An urban administrator in Beijing has been thrust into the spotlight after the release of his new bestselling book in which he openly discusses working in the city management system, China Youth Daily reports.
"Chengguan: an Insider`s View" by Song Zhigang, a Beijing chengguan (urban administrator who is responsible for city management), tackles the role of chengguans in China, which has long been a major issue of contention because of their love-hate relationship with city residents.
While their job duties include helping people and making the city better, they also must crack down on street vendors who operate without a license. While the chengguans receive smiles and thank-yous from local residents, they also are constantly showered in sarcasm for stripping people of their livelihoods and being inhumane and violent.
In his book, Song shares his personal experiences as a chengguan and says he believes there are inadequacies in China`s city management system.
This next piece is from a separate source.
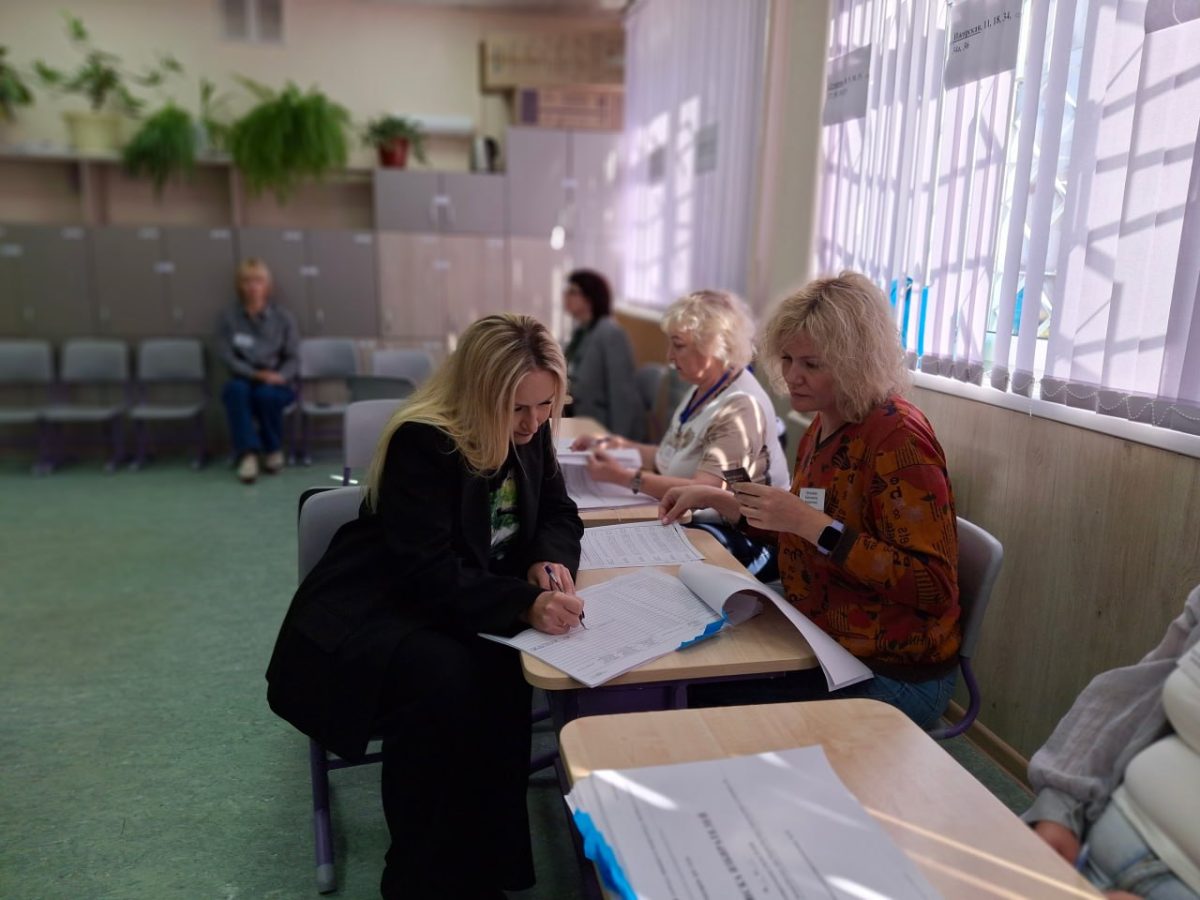 Председатель облизбиркома Маргарита Андреева проголосовала в Нижнем Новгороде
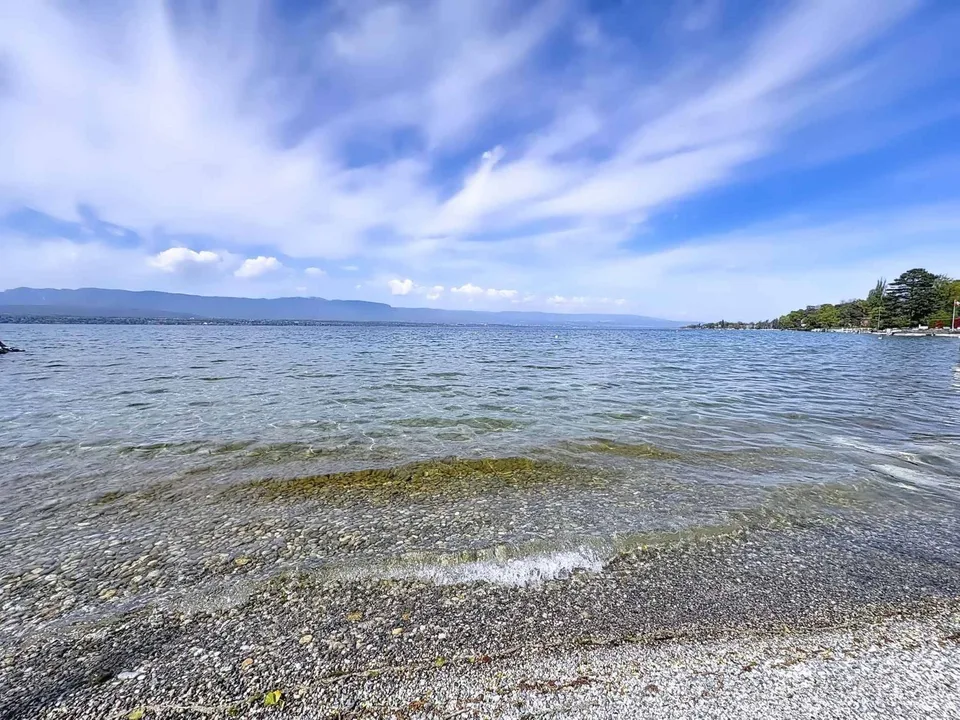 Villa d'architecte avec belle vue et accès privatif au lac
He expresses his opinion on the social problems that are common in Beijing and across China, which show no sign of abating despite all the efforts to solve them.
Song also touches upon recent hot topics that are both attention-grabbing and controversial with a hint of humor and attempt to tease. For example, he comments on three deadly accidents involving school buses, which all occurred in one month, saying: "It wouldn`t hurt to spend some money on improving school bus safety given all the money that the government has wasted."
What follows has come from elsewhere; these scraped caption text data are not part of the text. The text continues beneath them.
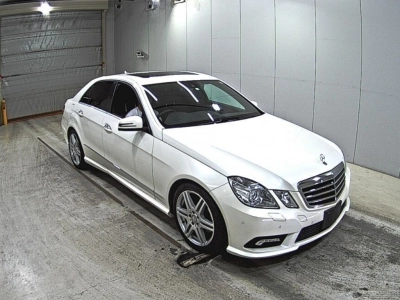 MERCEDES BENZ E CLASS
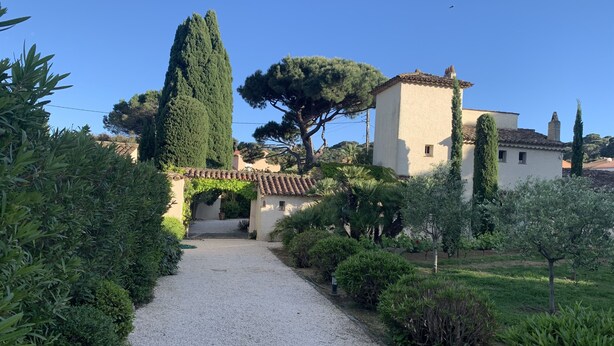 A pathway leading to a building with a tiled roof and a white wall. - Charming farmhouse in a 5000m2 field, private swimming pool, beach 200m away (Sainte-Maxime)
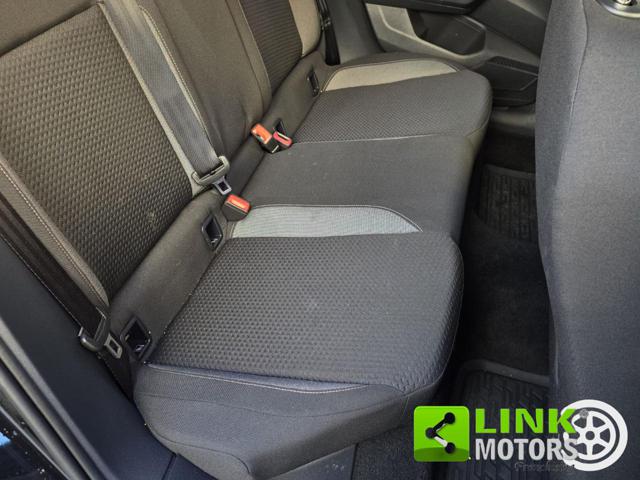 VOLKSWAGEN Taigo usata 36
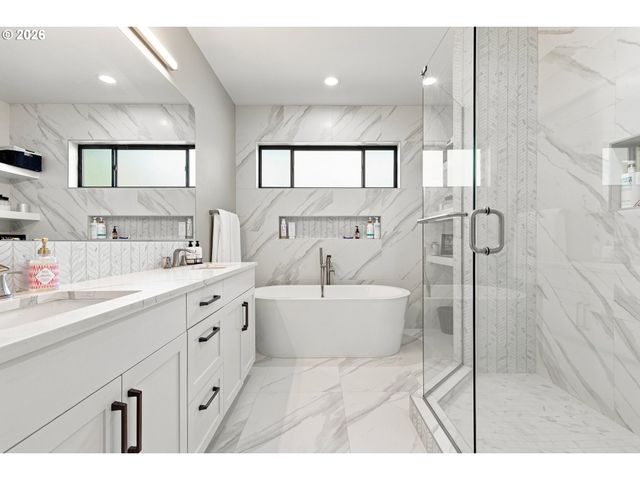 7385 Sw 77TH Ave, Portland, OR 97223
Despite his seemingly lighthearted tone, Song said he performs his job duties with reason and respect and believes nothing is unsolvable with better understanding among all people.
"The current city management is far from satisfactory," he writes. "Chengguans are rude and violent, which makes both the residents and us unhappy. It just won`t work. Our city should be more tolerant, more people-oriented and more beautiful."
In "Chengguan: an Insider`s View," Song speaks eloquently about the rights and wrongs of both chengguans and the public and expresses his hopes and vision for the future.
"I can`t change the whole country, but I can do something to make it better," he writes. "Becoming a chengguan was my choice, and I`m proud of it."